> Assignment: Please print exactly the lines from the line containing "Un espacio de" through the end of the data, no more, and keep pictures out of the copy.

> Dataset excerpt:
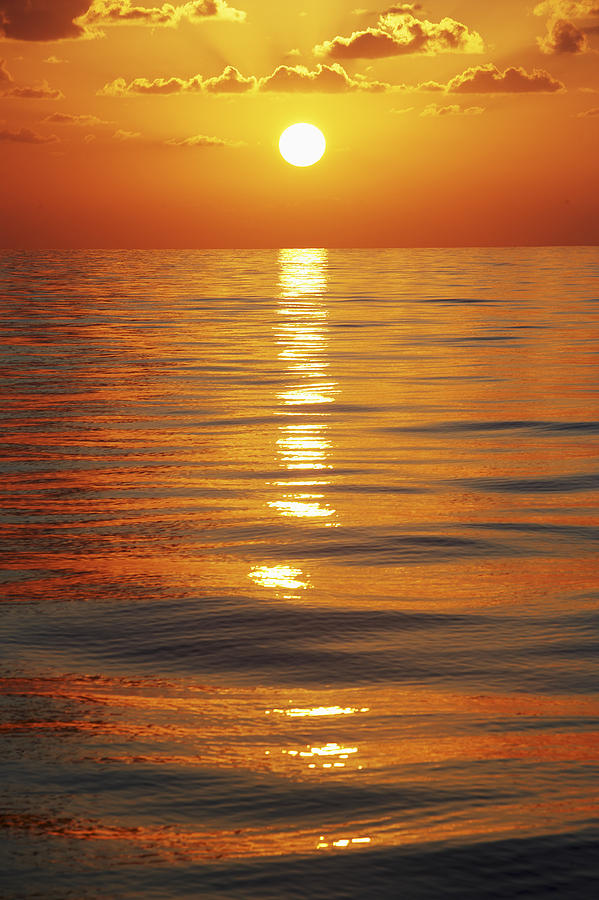 Sunset Photograph - Sunset Over Ocean Horizon by Axiom Photographic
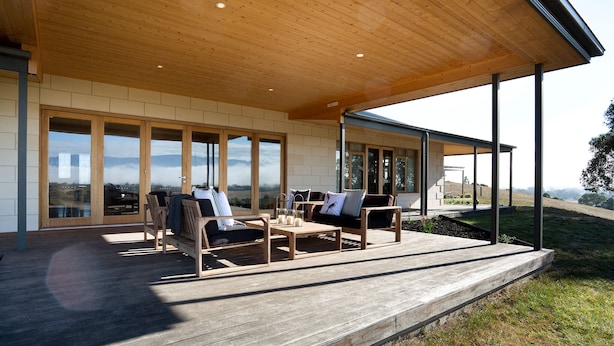 Un espacio de estar al aire libre cubierto, con mobiliario de madera y vistas al paisaje.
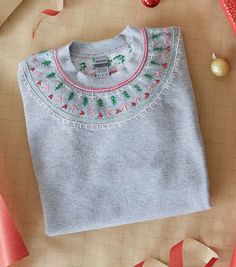 a gray sweater with christmas decorations and ribbon on the table next to it is an ornament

> Result for this exercise:
 Un espacio de estar al aire libre cubierto, con mobiliario de madera y vistas al paisaje.
 a gray sweater with christmas decorations and ribbon on the table next to it is an ornament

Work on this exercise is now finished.